DATA BELOW:
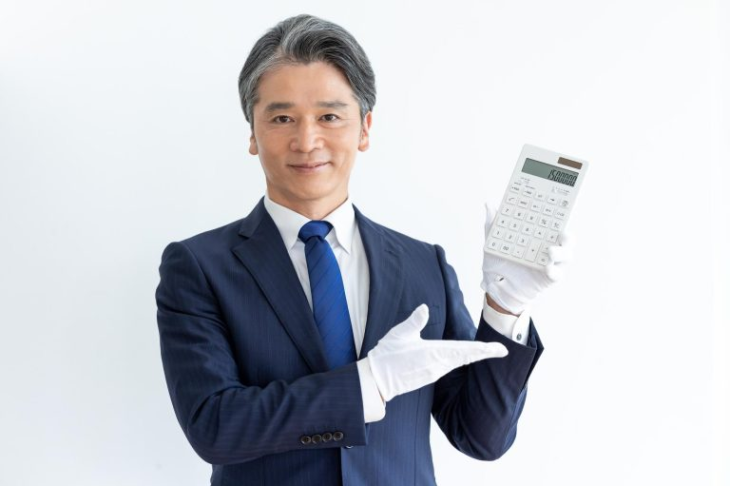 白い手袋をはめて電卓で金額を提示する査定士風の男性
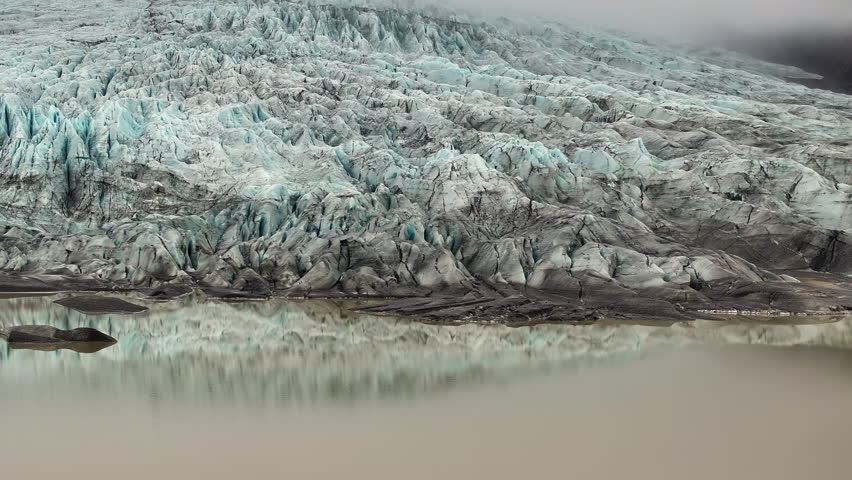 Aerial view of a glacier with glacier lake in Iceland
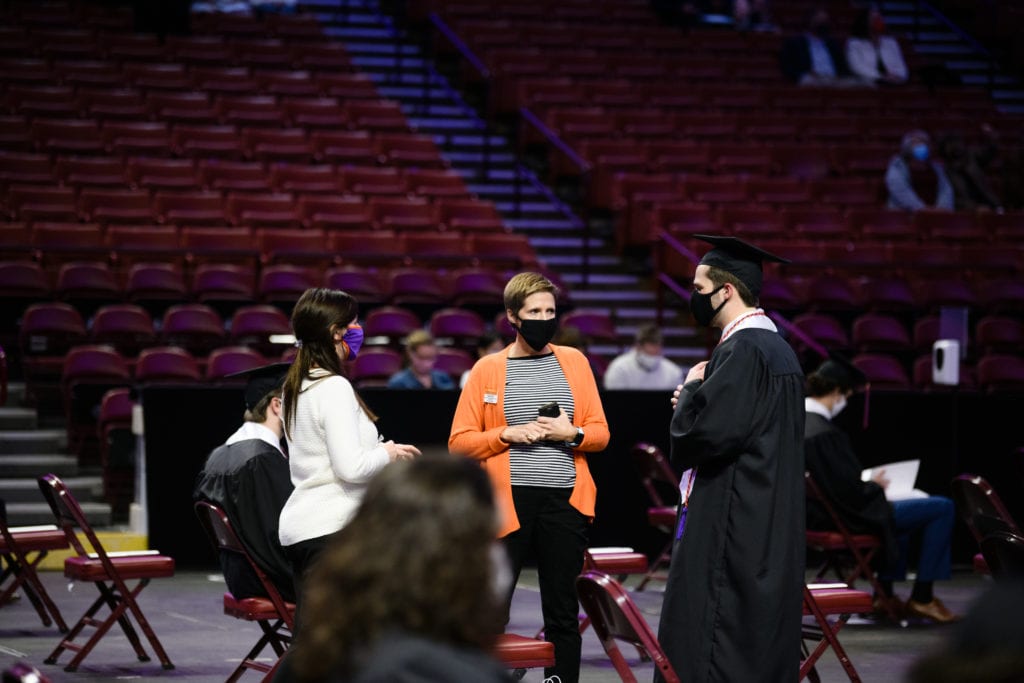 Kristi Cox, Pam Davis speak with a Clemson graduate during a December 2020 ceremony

ABOUT THIS TASK: Output the lines above verbatim, images excluded.

EXERCISE OUTPUT:
 白い手袋をはめて電卓で金額を提示する査定士風の男性
 Aerial view of a glacier with glacier lake in Iceland
 Kristi Cox, Pam Davis speak with a Clemson graduate during a December 2020 ceremony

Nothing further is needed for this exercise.